--- Source material ---

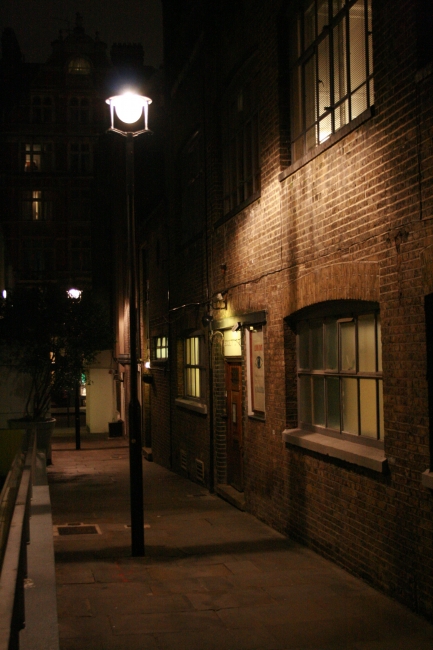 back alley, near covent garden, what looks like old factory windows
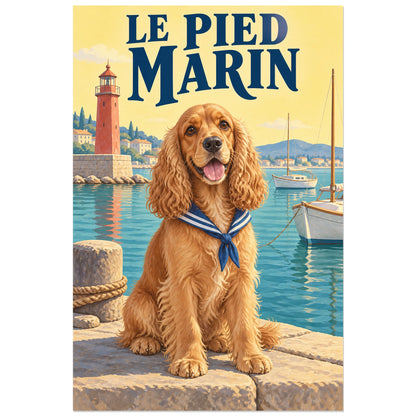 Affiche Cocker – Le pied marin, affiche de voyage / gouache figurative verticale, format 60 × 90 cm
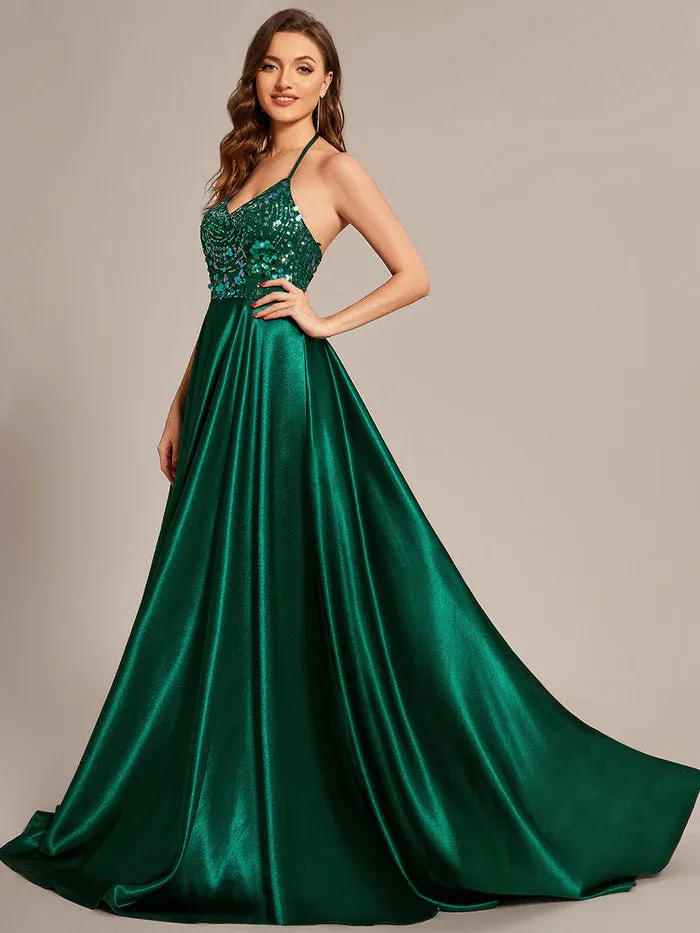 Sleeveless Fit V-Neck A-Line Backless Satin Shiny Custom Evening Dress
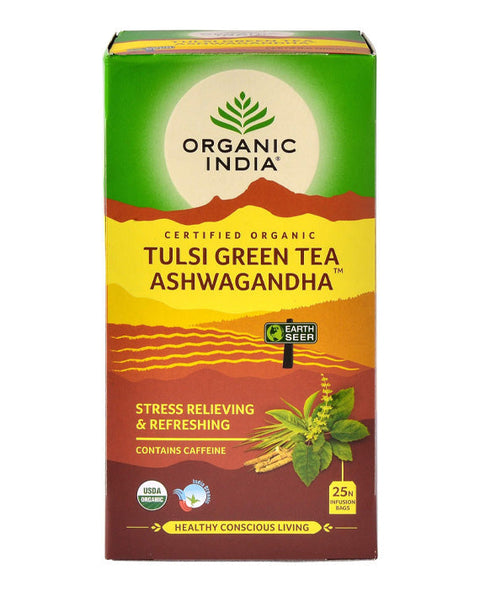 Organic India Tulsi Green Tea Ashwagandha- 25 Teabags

---

Your task is to copy exactly the lines from the line containing "Affiche Cocker –" through the final line of the listing above and to omit every picture.

 Affiche Cocker – Le pied marin, affiche de voyage / gouache figurative verticale, format 60 × 90 cm
 Sleeveless Fit V-Neck A-Line Backless Satin Shiny Custom Evening Dress
 Organic India Tulsi Green Tea Ashwagandha- 25 Teabags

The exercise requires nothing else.